One possible response is to teach only methods that can be computed by hand. This certainly forces a more fundamental understanding of the equations, but it limits the types of models that can be considered and it can be tedious, especially for a test question.
On the other hand, modern engineering rarely involves that kind of hand calculation and the models are much more sophisticated. Process simulators or thermodynamics packages present the workings of the model equations as black boxes, with little insight as to what is happening within the box. The pitfall is that the students cannot understand what is wrong when something goes awry, or even recognize that something might be wrong.
These observations suggest the need for some kind of middle ground. We illustrate this middle ground with the Peng-Robinson (PR) equation for mixtures as applied to fluid phase equilibria. The PR model is sufficiently sophisticated for most modern process simulators. The analytical solution of this cubic equation circumvents the need for calling the Excel Solver. The PR model and its multiple roots are familiar to students from their prior study of pure fluids. The expressions for the fugacity coefficient have been derived in class and similar derivations are familiar from homework covering other equations of state. In this context, providing a spreadsheet to students comes very close to simply saving them some tedious typing. It is up to the students to assemble the fugacity coefficients to solve practical problems.

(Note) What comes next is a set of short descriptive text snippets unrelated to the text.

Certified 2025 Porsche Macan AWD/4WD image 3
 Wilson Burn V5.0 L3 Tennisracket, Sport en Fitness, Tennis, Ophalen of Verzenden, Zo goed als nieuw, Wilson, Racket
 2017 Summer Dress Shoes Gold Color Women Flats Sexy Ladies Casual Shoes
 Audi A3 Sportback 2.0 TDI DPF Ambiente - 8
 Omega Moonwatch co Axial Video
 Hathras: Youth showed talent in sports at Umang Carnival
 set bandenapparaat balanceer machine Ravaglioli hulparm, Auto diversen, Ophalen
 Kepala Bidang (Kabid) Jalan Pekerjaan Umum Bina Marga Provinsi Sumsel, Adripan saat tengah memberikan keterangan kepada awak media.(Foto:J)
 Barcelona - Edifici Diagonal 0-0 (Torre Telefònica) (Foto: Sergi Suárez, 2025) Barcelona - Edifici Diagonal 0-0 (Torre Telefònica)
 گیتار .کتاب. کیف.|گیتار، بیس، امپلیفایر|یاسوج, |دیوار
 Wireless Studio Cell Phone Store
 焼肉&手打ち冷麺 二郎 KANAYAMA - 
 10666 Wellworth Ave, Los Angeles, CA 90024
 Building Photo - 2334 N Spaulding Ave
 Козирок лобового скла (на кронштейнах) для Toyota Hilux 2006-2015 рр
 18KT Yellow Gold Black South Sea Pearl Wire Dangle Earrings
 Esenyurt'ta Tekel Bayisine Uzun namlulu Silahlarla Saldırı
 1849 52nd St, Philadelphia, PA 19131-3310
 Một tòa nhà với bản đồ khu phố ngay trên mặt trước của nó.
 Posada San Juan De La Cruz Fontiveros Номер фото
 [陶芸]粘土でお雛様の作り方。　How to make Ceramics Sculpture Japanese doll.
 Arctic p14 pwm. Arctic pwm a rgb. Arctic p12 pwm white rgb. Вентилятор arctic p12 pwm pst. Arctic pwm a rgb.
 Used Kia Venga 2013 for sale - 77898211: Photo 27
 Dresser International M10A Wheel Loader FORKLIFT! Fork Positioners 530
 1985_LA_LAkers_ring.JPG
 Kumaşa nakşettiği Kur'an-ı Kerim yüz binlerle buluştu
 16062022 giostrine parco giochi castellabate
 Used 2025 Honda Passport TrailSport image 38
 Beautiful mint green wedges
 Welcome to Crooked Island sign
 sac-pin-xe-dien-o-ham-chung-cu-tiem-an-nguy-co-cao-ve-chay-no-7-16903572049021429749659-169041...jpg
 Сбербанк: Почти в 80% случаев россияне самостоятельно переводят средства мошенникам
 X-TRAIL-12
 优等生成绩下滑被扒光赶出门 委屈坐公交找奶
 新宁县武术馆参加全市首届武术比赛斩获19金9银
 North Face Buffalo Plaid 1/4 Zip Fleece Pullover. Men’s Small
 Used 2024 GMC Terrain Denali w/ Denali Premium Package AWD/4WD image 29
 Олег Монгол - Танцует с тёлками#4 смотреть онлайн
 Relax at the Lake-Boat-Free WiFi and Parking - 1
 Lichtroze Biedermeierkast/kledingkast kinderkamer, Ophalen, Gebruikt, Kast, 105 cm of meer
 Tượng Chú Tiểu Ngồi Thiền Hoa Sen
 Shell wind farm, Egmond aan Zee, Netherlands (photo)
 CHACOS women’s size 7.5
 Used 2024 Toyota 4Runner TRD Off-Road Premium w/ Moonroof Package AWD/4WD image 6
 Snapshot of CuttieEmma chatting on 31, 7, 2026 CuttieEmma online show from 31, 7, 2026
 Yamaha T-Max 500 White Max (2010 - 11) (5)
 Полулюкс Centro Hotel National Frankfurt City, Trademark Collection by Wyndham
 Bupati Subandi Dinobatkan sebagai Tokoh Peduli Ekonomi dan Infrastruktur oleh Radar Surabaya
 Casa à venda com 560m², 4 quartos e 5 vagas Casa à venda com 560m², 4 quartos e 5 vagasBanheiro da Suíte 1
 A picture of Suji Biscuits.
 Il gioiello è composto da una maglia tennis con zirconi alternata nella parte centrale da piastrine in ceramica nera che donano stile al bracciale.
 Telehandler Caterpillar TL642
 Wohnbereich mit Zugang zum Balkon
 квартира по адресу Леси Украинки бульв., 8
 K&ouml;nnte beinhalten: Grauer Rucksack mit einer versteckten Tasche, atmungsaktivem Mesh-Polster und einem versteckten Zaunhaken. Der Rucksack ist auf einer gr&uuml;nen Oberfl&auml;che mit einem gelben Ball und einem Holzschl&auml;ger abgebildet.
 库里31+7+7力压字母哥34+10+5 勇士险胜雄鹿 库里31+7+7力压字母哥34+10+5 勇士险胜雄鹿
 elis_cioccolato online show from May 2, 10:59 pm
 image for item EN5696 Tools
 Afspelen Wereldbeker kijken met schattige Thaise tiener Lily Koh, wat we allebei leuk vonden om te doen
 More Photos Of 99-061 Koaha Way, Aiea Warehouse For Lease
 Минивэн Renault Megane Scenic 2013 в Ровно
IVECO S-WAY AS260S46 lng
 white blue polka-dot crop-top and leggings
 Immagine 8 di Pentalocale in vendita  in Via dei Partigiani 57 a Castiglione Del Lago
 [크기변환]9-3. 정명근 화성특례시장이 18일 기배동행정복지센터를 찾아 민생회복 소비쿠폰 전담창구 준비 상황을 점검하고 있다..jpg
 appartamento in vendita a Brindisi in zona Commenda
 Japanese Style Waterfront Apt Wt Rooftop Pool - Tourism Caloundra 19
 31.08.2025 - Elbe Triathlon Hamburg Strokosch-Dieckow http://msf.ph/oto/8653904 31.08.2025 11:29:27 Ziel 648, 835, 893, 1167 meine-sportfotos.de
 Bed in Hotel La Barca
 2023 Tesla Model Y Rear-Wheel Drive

The spreadsheet to be illustrated in this presentation provides the capability for students to solve flash problems by selecting the correct assembly of fugacity coefficients based on the appropriate roots. But beware of oversimplifying by simply calling the Excel Solver or applying Excel's iteration feature! Those tricks may work at low pressure if your initial guess is very good, but mixing gaseous components and raising the pressure causes the solution to vary from the three-root region to the one-root region, forcing the student to guide the convergence with intelligence. In this way, the students can appreciate the difficulty of some types of convergence and have an alternative to simply stating “stupid computer” when the black box goes awry. Assessing the students' capability to learn and apply this methodology is demonstrated with ConcepTests, a project that simulates a distillation train, and exam performance.